### Task goal
Return the run of lines below that opens with the line containing "Sheepskin and Suede Shoes 255434" and closes with the line containing "Photo 3 of 17 of 5415 Foxhill Rd, Temple, TX", keeping each one exact.

### Materials provided
* * * * *
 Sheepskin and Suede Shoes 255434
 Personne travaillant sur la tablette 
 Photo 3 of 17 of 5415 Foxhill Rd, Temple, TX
* * * * *
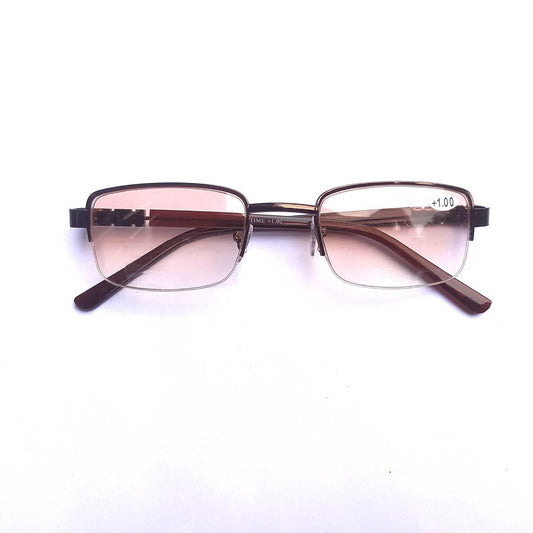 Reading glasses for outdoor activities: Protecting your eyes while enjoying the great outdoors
* * * * *
### Expected output
 Sheepskin and Suede Shoes 255434
 Personne travaillant sur la tablette 
 Photo 3 of 17 of 5415 Foxhill Rd, Temple, TX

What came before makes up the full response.